(Records excerpted from a collection)
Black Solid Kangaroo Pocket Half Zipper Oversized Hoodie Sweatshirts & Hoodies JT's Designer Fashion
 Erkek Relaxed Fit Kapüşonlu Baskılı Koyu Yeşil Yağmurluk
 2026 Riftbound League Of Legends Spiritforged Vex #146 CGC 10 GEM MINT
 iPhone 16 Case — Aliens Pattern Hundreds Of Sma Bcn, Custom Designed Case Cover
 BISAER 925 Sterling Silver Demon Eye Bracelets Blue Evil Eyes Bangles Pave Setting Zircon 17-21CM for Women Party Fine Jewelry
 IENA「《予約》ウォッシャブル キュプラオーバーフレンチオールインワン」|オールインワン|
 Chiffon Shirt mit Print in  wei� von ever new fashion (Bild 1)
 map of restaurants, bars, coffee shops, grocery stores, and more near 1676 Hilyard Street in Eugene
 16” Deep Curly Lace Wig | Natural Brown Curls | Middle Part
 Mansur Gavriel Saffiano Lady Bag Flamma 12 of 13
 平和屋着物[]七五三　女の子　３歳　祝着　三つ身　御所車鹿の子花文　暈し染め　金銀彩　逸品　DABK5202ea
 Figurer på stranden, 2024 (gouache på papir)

- _WHAT THE TASK ASKS_
Copy exactly the lines above, from the one containing "iPhone 16 Case" through the very last line.

- _EXERCISE OUTPUT_
 iPhone 16 Case — Aliens Pattern Hundreds Of Sma Bcn, Custom Designed Case Cover
 BISAER 925 Sterling Silver Demon Eye Bracelets Blue Evil Eyes Bangles Pave Setting Zircon 17-21CM for Women Party Fine Jewelry
 IENA「《予約》ウォッシャブル キュプラオーバーフレンチオールインワン」|オールインワン|
 Chiffon Shirt mit Print in  wei� von ever new fashion (Bild 1)
 map of restaurants, bars, coffee shops, grocery stores, and more near 1676 Hilyard Street in Eugene
 16” Deep Curly Lace Wig | Natural Brown Curls | Middle Part
 Mansur Gavriel Saffiano Lady Bag Flamma 12 of 13
 平和屋着物[]七五三　女の子　３歳　祝着　三つ身　御所車鹿の子花文　暈し染め　金銀彩　逸品　DABK5202ea
 Figurer på stranden, 2024 (gouache på papir)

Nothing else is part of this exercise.